Instructions for the task
Transcribe the data below verbatim from the line with "vans 오센틱 스니커즈 네이비" to the line with "Feather 14K Gold Charm". Include both of those lines.

### Material to process ###

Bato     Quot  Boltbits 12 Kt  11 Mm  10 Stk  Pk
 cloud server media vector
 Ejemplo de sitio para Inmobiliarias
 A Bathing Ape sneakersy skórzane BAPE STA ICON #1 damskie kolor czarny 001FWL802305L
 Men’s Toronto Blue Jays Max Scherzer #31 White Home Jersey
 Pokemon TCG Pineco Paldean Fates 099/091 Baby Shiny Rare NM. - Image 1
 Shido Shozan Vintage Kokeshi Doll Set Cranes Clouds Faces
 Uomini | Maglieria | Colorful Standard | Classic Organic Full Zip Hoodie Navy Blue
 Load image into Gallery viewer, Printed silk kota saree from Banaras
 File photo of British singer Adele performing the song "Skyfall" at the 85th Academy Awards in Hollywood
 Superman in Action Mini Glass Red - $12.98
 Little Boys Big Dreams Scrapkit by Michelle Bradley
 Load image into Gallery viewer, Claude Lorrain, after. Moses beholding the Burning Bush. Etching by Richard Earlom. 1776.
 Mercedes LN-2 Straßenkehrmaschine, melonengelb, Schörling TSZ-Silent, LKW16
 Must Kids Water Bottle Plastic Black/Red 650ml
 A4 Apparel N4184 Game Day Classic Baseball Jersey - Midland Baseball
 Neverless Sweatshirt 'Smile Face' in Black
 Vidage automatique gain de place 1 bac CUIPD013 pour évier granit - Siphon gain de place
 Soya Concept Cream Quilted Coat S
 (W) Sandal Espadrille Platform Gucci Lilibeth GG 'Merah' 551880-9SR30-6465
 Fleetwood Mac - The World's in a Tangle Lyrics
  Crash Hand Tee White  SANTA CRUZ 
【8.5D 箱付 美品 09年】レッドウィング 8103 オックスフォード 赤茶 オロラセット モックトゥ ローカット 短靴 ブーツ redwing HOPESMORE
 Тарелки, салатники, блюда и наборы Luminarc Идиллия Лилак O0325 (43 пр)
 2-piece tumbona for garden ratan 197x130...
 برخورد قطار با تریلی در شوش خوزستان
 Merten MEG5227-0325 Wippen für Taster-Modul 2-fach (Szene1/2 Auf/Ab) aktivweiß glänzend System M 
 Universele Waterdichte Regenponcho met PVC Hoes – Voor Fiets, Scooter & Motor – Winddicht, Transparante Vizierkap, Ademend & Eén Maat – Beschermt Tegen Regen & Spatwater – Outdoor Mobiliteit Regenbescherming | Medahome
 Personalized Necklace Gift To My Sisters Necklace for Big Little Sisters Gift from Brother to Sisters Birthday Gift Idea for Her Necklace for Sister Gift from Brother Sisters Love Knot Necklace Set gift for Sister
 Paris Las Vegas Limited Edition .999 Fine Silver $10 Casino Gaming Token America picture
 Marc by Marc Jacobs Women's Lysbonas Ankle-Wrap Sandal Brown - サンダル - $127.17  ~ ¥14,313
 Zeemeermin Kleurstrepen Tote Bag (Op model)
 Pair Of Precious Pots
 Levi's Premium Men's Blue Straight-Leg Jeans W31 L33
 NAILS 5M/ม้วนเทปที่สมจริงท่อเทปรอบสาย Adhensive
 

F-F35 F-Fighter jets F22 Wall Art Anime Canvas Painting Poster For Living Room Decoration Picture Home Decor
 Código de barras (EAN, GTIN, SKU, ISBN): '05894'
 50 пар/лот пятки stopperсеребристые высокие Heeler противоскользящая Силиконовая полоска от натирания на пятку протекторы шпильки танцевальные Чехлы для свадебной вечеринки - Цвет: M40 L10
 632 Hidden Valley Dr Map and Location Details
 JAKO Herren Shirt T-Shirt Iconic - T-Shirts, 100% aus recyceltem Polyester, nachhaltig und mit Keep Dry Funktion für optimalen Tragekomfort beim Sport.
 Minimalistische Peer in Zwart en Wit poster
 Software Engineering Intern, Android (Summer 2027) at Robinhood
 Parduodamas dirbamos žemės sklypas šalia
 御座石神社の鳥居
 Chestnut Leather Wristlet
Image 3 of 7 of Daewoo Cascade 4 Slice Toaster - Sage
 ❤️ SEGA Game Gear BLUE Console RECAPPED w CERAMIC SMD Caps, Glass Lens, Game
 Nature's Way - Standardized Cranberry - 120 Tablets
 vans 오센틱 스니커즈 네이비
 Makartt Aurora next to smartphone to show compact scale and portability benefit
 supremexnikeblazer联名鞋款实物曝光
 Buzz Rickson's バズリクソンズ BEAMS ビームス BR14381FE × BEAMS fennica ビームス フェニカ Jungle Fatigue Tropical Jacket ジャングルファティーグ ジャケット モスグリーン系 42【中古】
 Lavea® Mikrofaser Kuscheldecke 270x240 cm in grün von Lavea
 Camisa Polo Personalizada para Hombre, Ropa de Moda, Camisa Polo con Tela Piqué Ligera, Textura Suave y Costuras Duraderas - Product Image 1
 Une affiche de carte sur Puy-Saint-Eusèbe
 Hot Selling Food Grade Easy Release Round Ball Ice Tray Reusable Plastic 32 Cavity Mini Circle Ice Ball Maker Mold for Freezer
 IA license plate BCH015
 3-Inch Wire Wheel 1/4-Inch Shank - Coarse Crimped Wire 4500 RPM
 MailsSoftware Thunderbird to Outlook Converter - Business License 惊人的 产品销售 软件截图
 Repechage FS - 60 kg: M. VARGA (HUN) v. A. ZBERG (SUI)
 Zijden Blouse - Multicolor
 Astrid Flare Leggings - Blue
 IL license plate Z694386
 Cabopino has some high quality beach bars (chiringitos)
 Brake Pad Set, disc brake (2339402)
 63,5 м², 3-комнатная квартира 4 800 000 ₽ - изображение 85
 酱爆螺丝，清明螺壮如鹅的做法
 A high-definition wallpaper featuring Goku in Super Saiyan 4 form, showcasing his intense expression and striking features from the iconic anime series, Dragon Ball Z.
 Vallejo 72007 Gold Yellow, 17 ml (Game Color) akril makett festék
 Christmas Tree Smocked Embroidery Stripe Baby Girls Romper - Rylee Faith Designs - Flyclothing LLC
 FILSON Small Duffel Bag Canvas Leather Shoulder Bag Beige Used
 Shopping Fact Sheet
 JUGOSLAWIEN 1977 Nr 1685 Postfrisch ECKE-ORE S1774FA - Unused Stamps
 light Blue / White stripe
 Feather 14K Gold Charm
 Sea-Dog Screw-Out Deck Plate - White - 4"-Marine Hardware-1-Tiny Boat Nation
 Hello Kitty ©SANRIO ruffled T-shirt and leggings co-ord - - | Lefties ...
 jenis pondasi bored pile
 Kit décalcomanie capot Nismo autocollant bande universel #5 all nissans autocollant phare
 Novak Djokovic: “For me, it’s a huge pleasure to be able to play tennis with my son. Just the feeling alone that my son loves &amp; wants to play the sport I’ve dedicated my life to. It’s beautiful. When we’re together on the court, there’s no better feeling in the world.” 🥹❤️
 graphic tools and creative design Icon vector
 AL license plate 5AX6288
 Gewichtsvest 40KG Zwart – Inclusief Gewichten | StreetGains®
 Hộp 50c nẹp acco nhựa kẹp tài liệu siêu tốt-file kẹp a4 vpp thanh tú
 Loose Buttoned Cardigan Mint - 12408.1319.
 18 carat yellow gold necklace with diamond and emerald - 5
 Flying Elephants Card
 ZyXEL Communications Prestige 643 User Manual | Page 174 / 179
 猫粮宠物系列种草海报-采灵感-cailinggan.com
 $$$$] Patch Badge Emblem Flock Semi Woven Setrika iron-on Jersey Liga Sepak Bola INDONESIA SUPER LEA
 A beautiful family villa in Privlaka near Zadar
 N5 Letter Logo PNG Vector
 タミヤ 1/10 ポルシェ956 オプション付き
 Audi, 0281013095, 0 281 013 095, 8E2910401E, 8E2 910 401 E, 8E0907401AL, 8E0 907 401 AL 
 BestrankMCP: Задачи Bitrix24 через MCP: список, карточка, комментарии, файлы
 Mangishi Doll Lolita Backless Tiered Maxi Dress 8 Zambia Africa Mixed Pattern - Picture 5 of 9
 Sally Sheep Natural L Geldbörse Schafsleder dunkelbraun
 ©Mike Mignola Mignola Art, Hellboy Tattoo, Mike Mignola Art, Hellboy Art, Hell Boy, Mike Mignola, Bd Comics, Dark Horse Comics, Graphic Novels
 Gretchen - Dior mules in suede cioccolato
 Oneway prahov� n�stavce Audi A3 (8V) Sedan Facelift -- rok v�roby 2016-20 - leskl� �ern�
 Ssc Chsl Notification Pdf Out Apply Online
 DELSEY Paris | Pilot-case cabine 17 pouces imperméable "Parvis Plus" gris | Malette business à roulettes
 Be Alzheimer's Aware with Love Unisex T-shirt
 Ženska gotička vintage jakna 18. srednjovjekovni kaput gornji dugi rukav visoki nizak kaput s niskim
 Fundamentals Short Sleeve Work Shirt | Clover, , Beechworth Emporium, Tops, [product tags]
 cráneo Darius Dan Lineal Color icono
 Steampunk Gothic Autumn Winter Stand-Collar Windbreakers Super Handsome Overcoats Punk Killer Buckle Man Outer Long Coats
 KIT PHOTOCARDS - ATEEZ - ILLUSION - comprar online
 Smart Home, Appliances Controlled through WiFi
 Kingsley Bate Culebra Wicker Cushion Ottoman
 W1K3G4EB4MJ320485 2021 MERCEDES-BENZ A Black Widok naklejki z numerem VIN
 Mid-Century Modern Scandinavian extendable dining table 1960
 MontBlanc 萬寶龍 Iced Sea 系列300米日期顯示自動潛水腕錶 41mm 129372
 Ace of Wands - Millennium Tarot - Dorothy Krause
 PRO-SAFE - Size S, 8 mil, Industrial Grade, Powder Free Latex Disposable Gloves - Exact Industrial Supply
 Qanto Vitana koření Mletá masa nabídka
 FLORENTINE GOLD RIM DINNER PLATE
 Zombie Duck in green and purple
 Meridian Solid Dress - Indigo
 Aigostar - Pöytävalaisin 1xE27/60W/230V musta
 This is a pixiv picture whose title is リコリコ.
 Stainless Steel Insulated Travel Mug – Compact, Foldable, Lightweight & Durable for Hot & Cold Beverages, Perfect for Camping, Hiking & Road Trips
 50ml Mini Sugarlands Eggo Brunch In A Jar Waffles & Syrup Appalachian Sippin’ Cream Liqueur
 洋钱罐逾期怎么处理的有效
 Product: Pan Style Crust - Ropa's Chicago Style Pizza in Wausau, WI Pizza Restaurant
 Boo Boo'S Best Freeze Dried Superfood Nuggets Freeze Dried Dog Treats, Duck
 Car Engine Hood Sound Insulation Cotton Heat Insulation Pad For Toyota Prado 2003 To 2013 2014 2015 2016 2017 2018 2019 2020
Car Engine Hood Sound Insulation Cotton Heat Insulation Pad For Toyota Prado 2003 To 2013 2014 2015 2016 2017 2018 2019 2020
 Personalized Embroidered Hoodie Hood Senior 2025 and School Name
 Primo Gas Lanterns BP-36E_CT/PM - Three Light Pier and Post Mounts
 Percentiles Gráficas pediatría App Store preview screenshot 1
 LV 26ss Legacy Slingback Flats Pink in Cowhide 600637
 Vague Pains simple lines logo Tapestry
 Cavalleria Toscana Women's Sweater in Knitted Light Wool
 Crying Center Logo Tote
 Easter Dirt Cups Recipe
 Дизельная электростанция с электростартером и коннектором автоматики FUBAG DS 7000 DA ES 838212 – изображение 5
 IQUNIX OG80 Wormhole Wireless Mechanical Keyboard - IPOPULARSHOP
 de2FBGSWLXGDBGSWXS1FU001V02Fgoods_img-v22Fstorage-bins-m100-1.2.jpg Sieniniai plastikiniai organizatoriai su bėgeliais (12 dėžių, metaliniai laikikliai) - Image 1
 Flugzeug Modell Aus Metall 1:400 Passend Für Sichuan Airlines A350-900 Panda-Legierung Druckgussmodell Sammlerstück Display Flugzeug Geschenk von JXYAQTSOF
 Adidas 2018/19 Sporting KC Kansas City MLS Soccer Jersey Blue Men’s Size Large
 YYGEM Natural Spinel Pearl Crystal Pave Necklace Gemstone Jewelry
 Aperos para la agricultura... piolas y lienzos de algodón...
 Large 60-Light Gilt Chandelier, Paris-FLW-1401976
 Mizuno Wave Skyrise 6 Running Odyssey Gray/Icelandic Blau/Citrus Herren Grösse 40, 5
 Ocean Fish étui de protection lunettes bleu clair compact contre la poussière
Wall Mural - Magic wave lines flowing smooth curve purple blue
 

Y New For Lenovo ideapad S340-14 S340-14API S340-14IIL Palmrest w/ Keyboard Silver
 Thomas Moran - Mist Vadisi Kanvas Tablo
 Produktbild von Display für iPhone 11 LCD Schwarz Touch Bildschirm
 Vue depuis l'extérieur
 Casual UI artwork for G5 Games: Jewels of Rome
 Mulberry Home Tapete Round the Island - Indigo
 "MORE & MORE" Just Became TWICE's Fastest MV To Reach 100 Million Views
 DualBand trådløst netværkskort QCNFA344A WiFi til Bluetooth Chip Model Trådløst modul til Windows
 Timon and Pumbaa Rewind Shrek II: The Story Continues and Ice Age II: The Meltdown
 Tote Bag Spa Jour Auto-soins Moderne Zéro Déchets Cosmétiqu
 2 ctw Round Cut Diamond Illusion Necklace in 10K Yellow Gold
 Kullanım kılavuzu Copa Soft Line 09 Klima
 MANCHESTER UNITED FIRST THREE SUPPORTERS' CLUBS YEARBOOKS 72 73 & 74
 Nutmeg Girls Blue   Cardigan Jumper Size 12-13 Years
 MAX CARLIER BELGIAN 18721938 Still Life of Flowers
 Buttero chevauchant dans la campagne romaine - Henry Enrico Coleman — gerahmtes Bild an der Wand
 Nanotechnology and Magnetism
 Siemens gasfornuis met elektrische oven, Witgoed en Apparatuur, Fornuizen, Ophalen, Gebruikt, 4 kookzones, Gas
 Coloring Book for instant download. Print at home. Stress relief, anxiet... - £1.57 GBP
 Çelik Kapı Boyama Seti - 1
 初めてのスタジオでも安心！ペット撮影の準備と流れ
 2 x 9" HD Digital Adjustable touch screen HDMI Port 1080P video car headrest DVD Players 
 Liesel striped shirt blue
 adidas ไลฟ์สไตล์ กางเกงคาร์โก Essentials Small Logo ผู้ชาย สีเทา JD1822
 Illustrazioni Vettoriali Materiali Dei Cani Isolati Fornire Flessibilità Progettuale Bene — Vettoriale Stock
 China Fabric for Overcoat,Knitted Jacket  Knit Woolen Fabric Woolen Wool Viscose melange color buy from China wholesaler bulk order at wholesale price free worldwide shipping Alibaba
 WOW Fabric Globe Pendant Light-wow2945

###

Answer box
 vans 오센틱 스니커즈 네이비
 Makartt Aurora next to smartphone to show compact scale and portability benefit
 supremexnikeblazer联名鞋款实物曝光
 Buzz Rickson's バズリクソンズ BEAMS ビームス BR14381FE × BEAMS fennica ビームス フェニカ Jungle Fatigue Tropical Jacket ジャングルファティーグ ジャケット モスグリーン系 42【中古】
 Lavea® Mikrofaser Kuscheldecke 270x240 cm in grün von Lavea
 Camisa Polo Personalizada para Hombre, Ropa de Moda, Camisa Polo con Tela Piqué Ligera, Textura Suave y Costuras Duraderas - Product Image 1
 Une affiche de carte sur Puy-Saint-Eusèbe
 Hot Selling Food Grade Easy Release Round Ball Ice Tray Reusable Plastic 32 Cavity Mini Circle Ice Ball Maker Mold for Freezer
 IA license plate BCH015
 3-Inch Wire Wheel 1/4-Inch Shank - Coarse Crimped Wire 4500 RPM
 MailsSoftware Thunderbird to Outlook Converter - Business License 惊人的 产品销售 软件截图
 Repechage FS - 60 kg: M. VARGA (HUN) v. A. ZBERG (SUI)
 Zijden Blouse - Multicolor
 Astrid Flare Leggings - Blue
 IL license plate Z694386
 Cabopino has some high quality beach bars (chiringitos)
 Brake Pad Set, disc brake (2339402)
 63,5 м², 3-комнатная квартира 4 800 000 ₽ - изображение 85
 酱爆螺丝，清明螺壮如鹅的做法
 A high-definition wallpaper featuring Goku in Super Saiyan 4 form, showcasing his intense expression and striking features from the iconic anime series, Dragon Ball Z.
 Vallejo 72007 Gold Yellow, 17 ml (Game Color) akril makett festék
 Christmas Tree Smocked Embroidery Stripe Baby Girls Romper - Rylee Faith Designs - Flyclothing LLC
 FILSON Small Duffel Bag Canvas Leather Shoulder Bag Beige Used
 Shopping Fact Sheet
 JUGOSLAWIEN 1977 Nr 1685 Postfrisch ECKE-ORE S1774FA - Unused Stamps
 light Blue / White stripe
 Feather 14K Gold Charm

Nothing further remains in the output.